**Work order**.
Could you print the stretch of lines below from the one with "Thumbnail for Exact" through the one with "ski boy - Baseball Cap - white/white", exactly as they stand and without any pictures?

*** Extracted entries ***

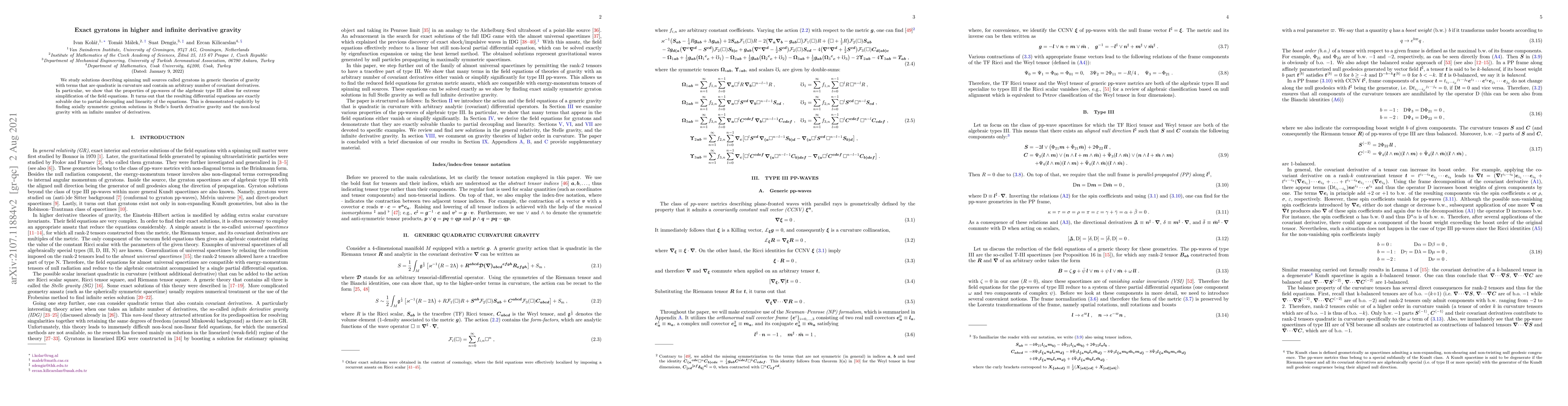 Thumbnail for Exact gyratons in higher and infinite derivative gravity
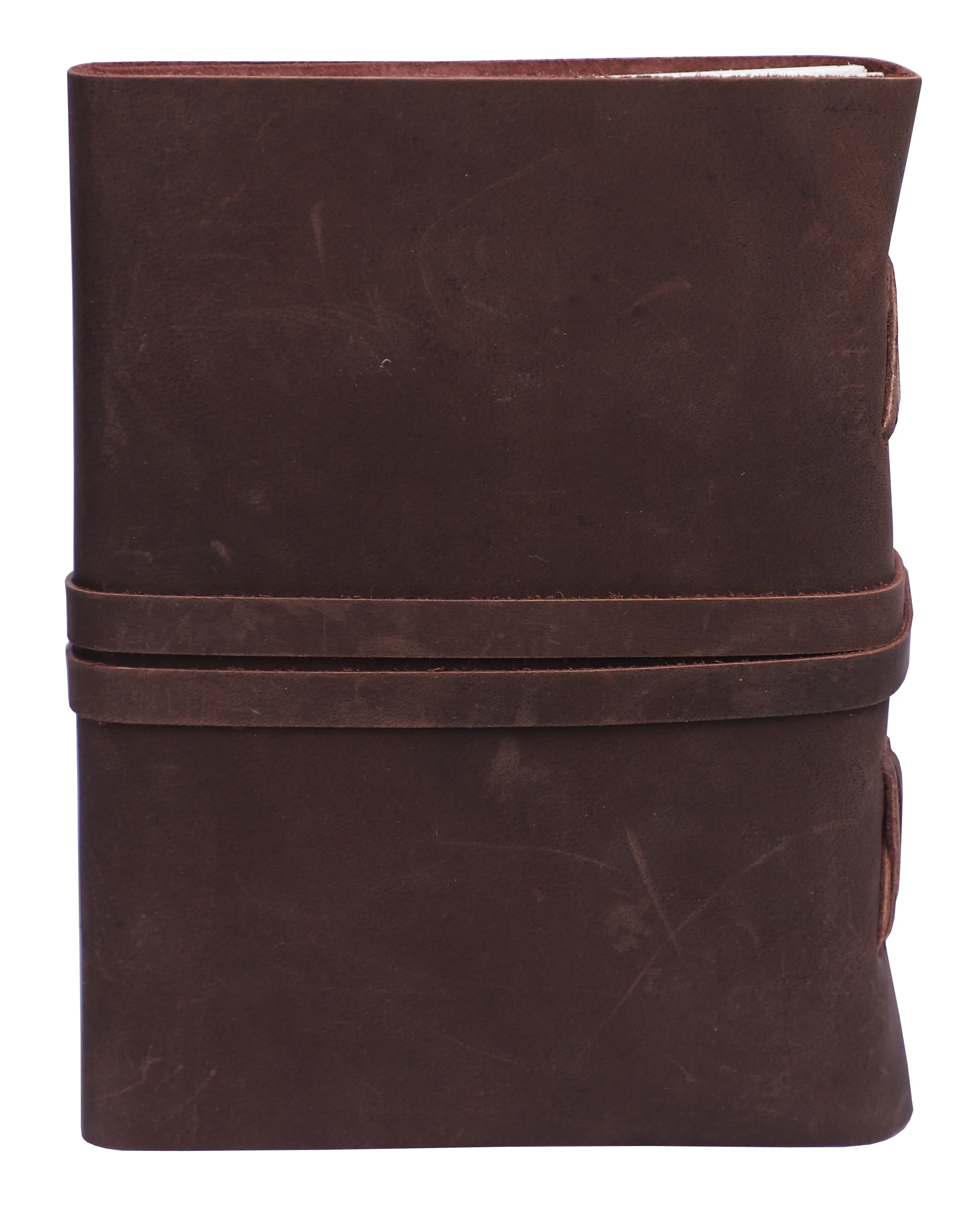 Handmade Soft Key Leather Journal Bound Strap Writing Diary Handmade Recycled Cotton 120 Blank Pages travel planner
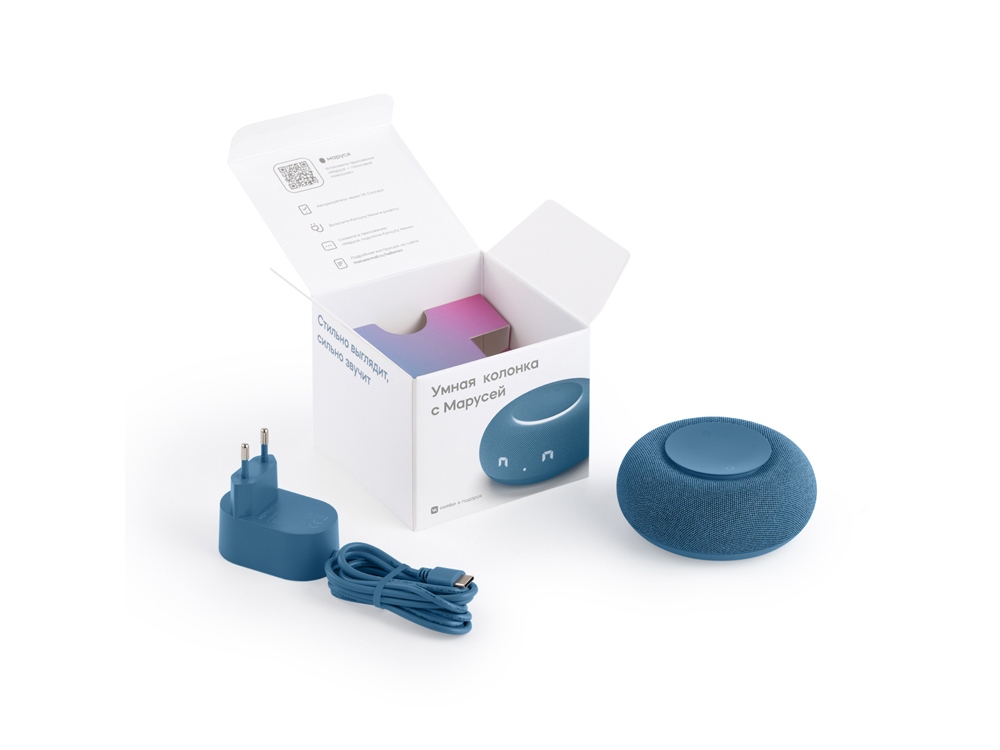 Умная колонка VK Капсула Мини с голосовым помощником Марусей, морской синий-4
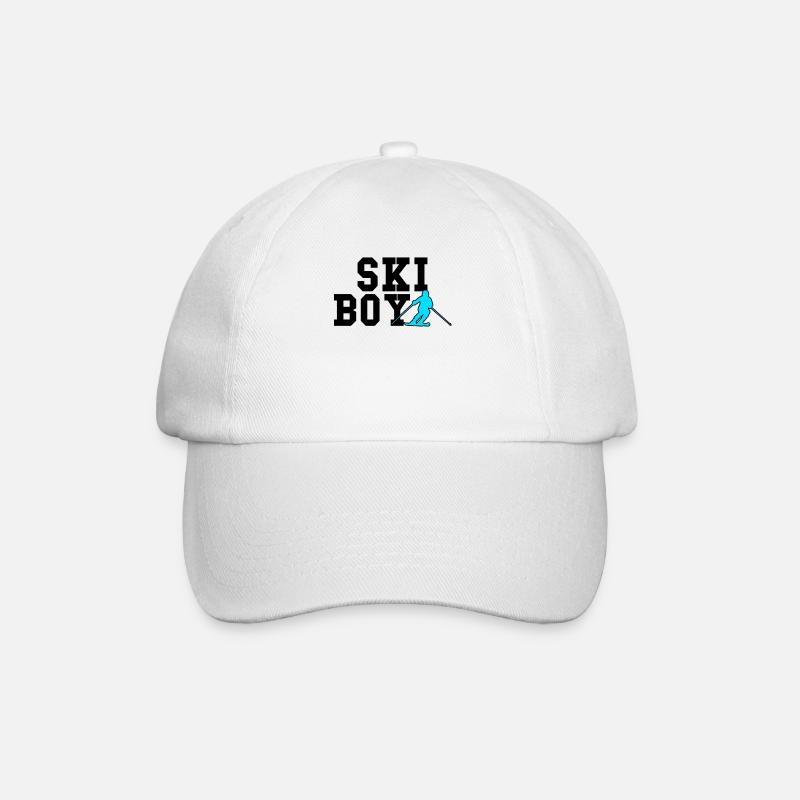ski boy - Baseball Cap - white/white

*** End of Extracted entries ***
*** Extracted entries ***

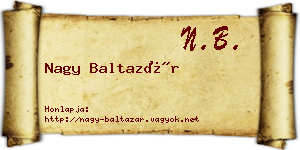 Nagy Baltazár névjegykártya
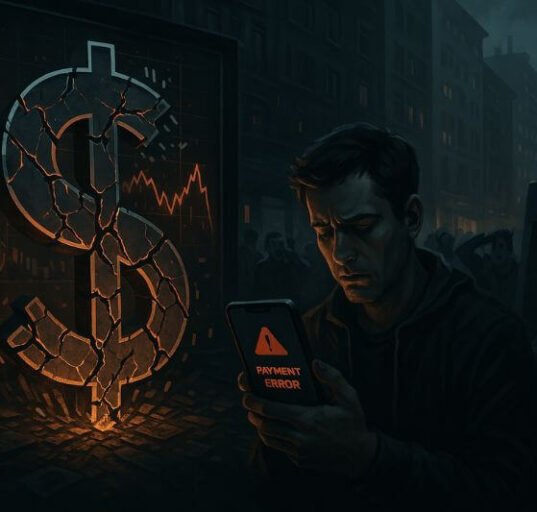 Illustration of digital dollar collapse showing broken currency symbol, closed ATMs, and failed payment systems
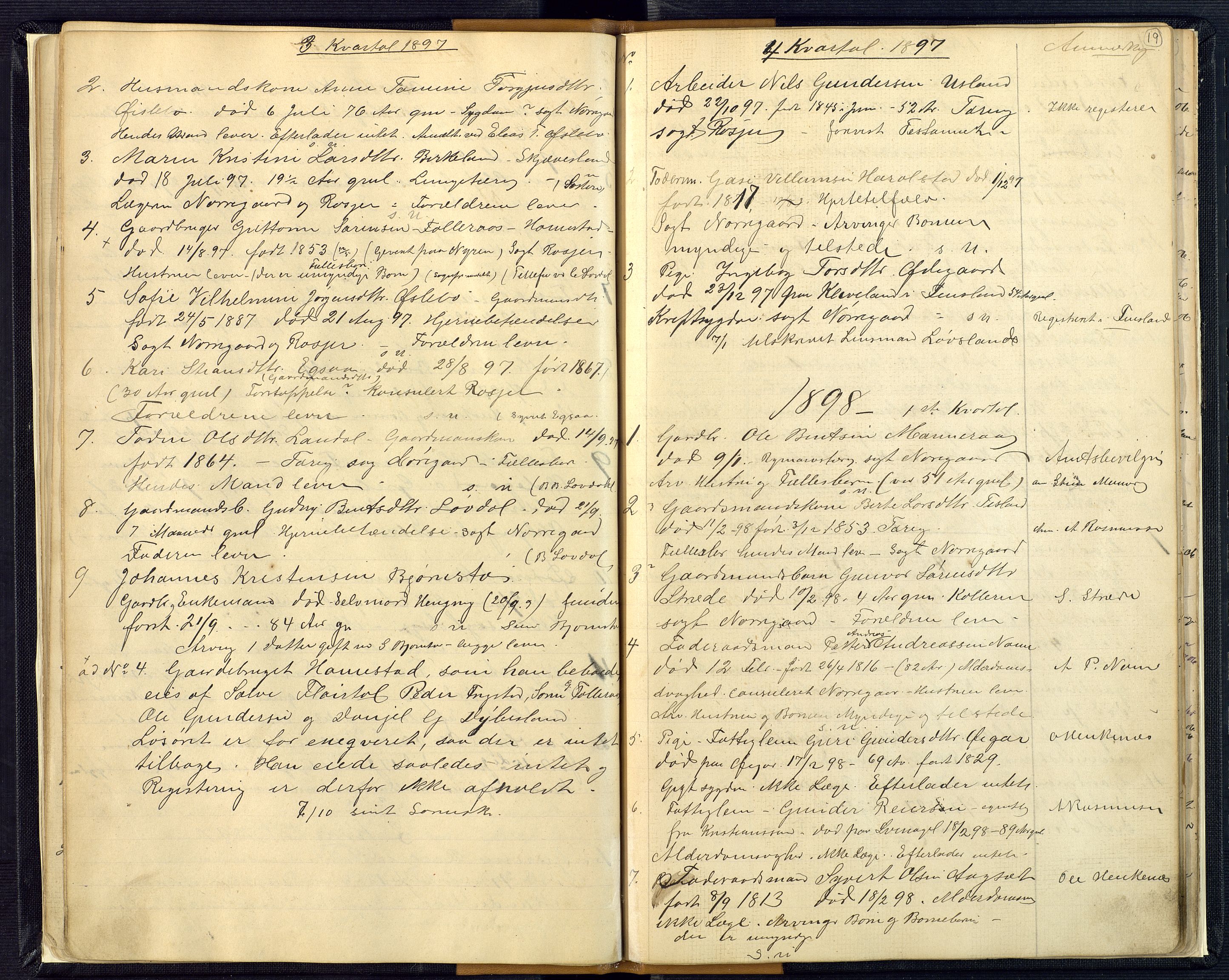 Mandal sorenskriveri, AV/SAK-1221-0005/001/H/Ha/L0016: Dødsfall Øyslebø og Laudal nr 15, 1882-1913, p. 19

*** End of Extracted entries ***

**Answer for the task**.
 Thumbnail for Exact gyratons in higher and infinite derivative gravity
 Handmade Soft Key Leather Journal Bound Strap Writing Diary Handmade Recycled Cotton 120 Blank Pages travel planner
 Умная колонка VK Капсула Мини с голосовым помощником Марусей, морской синий-4
ski boy - Baseball Cap - white/white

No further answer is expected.